En 2006, Guo Kai, ingénieur chinois expert en hydraulique, a imaginé un plan colossal : dévier 200 milliards de mètres cubes d’eau en provenance du Yarlung Tsangpo (le Brahmapoutre), du Lancang (le Salween) et du Nujiang (le Mékong) vers le Fleuve Jaune pour desservir les régions sèches du Nord de la Chine. Faire couler l’eau du Tibet vers le Nord de la Chine, est-ce réalisable?

 

Le professeur Guo Kai a été hué par les différentes instances scientifiques chinoises et par le gouvernement. Le ministre des « Affaires de l’eau », Wang Shucheng, lui-même ingénieur en hydraulique, déclara la proposition « absurde, irréaliste et non scientifique ». D'après lui,  dès que les crues atteignent 58 milliards de m³ d’eau, le Fleuve Jaune provoque des inondations.  « Si on y ajoute ne fut-ce que 50 milliards de m³, toutes les digues se brisent immédiatement. Que penser alors de 200 milliards de m³ supplémentaires ? », a-t-il décrété. « Il y a assez d’eau dans le Nord de la Chine, il faut trouver des solutions pour la mettre en réserve à plus grande échelle pendant la saison des pluies. Des travaux sont en cours pour cela », rajoute-t-il. (1)

 

Le Fleuve Bleu à Benzilan (frontière Sichuan-Yunnan) creuse de profondes vallées et commence à prendre de l’ampleur (photo JPDes., 2007)
Le Fleuve Bleu à Benzilan (frontière Sichuan-Yunnan) creuse de profondes vallées et commence à prendre de l’ampleur (photo JPDes., 2007)

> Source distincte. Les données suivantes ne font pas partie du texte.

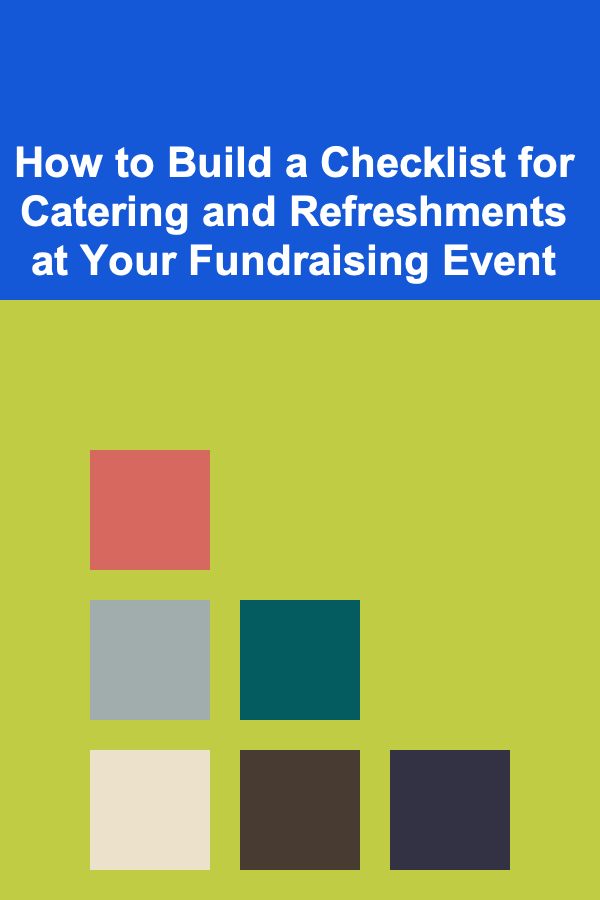 How to Build a Checklist for Catering and Refreshments at Your Fundraising Event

Le ministre des Affaires Étrangères s’immisça également dans le débat en rappelant ceci : « Si nous diminuons l’acheminement en eau vers le Sud-est de l’Asie, cela occasionnerait des catastrophes naturelles à nos voisins du Sud. Il pourrait en résulter des conflits internationaux dont nous ne voulons pas. C’est aussi pour des raisons d’état que nous réfutons immédiatement et sans retour l’idée du professeur Guo. Il n’existera aucun plan allant dans son sens. » (2)
Entre-temps, le réseau international pro-dalaï-lama avait déjà fait circuler l’idée que la Chine se préparait à « voler l’eau du Tibet »... A l'annonce du rejet de ce projet pharaonique et irréaliste, les pro-dalaïstes n'ont pas cru bon de corriger, c'est pourquoi beaucoup d'entre nous ont encore dans la tête que la Chine « vole l'eau du Tibet en déviant les fleuves »... absurde ! Et auquel cas la Chine serait passée à l'acte, on aurait pu rétorquer qu'elle fait ce qu’elle veut avec son eau, il ne s’agit pas de « voler le Tibet » étant donné que celui-ci fait partie de la Chine. En Belgique, les flamands achètent de l'eau de Spa : wallonne !... et Evian se vend bien en Chine.